You spend your weekdays running on adrenaline, caffeine and pressure. Then, when the weekend hits, you turn to distractions to numb the exhaustion. You drink, you smoke, you eat heavy comfort foods, you scroll endlessly, or you get high just to escape your own head. But the escape comes with a heavy price tag: splitting hangovers, wasted Sundays, and a sickening feeling in your gut that you are leaving massive potential on the table.

For years, I lived that exact cycle. But over the last three years, I aggressively audited my life. I quit the alcohol, the weed, the nicotine, and the mindless consumption.

I didn’t do it to be self-righteous. I did it because I realized those vices were just clever cover-ups for the uncomfortable reality hiding beneath the surface: I lacked true emotional control. When you strip away the distractions, you are forced to confront who you actually are.

To bridge the gap between where I was and the elite level I wanted to operate at, I studied the psychological frameworks of ancient warrior… specifically the samurai and adapted them for the modern entrepreneur. I built a system designed to maintain peak focus, effortless balance, and ruthless execution.

If you are ready to stop being reactive to the world around you and build a bulletproof presence, here are the six pillars of the modern samurai mindset.

1. Master the Art of Stillness (Say)

In a traditional samurai duel, everything is decided in a fraction of a second. If a warrior’s focus flickers for even 0.1 seconds, they lose.

In Japanese culture, we call this absolute immobility Say (stillness). Western business culture is incredibly proficient in movement—the grit, the hustle, the loud display of force. But the ultimate threat to a warrior (and an entrepreneur) is Ski—a microscopic gap in your breathing or a sudden lapse in attention that gives an opponent an opening.

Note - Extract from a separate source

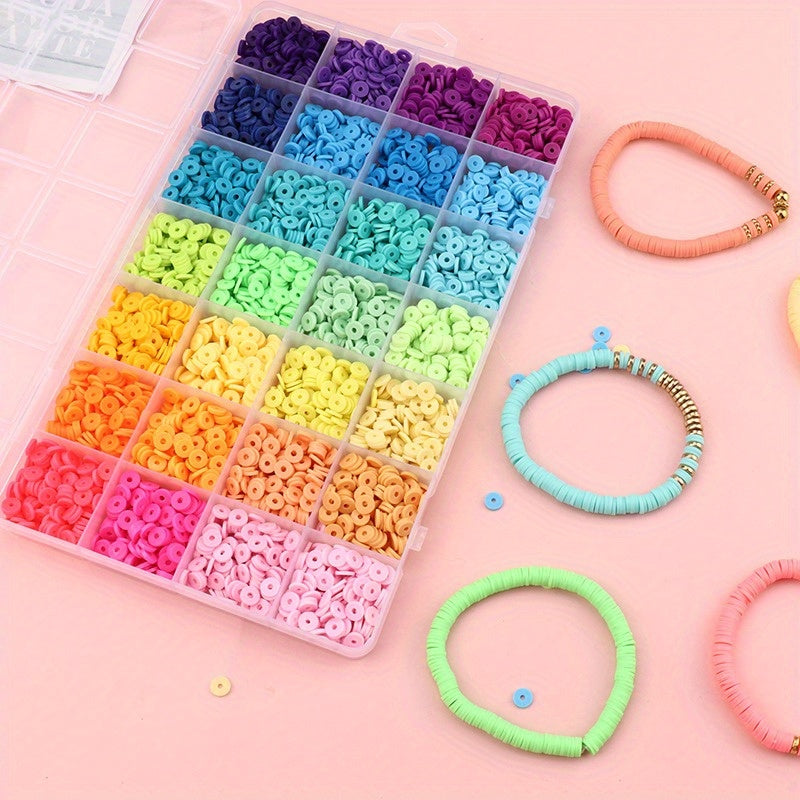 Soft Clay Beads Mega Set | 2000–4400pc DIY Jewelry Bead Kit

In modern business, your Ski is procrastination, panic, and digital distraction. A moment of reactive anger can destroy a negotiation or kill a brilliant strategy. To master stillness, you must train your mind to sit with its own emptiness. This requires 20 to 30 minutes of deep, device-free reflection or meditation every single day. When you can sit in a room alone with your thoughts without needing to reach for your phone, you develop an emotional shock absorber. The market can crash, but your core remains entirely unmoved.

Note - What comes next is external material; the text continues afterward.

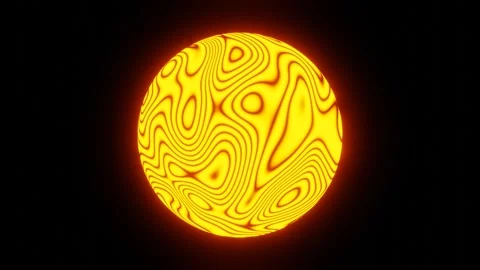 3D Abstract wavy lines glowing background. Stock Footage 284499621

2. Practice Radical Non-Resistance (Nagas)

Nagas means to flow. In physical martial arts, it is the act of never meeting force with force; instead, you absorb your opponent’s momentum and let it slip harmlessly past you.

Imagine standing deep in a rushing river. If you lock your legs and fight the current, the water slams into you with immense pressure. You exhaust yourself just trying to stay upright. But if you lift your feet and float, you become one with the current, moving effortlessly.

The river is your startup. The current represents criticism, toxic clients, economic stress, and unforeseen setbacks. The more you emotionally resist these realities, the more rational thinking you lose. When a negative event hits you, don’t fight it emotionally. Observe it like an outsider, analyze the data, and execute the logical next step.

3. Forge a Dual-Engine Discipline

Discipline is the ultimate architect of self-worth. But true discipline requires two distinct engines: one for the mind, and one for the body. If you only train your intellect, your weapon is incomplete.

  • For the Body: Push your physical boundaries daily. Lift heavy weights, run when you don’t want to, take freezing cold showers, or sit in an intense sauna. This teaches your physiological nervous system to remain calm under extreme stress.

  • For the Mind: Learn to control your deepest biological impulses, specifically your dopamine cravings. Stop opening social media the second you feel bored.

When you conquer your own internal temptations, your energetic presence shifts completely. People will literally feel your authority, your gravity, and your calmness before you even open your mouth to speak.

4. Achieve the Mind of No-Mind (Mushin)

In high-stakes environments, the greatest enemy to execution is overthinking. The samurai called the ideal psychological state Mushin—translated literally as “the mind without mind.”

When a master swordsman enters a battle, they are not consciously planning their next movement or worrying about failure. Their mind is a mirror: it simply reflects the reality of the moment and acts automatically.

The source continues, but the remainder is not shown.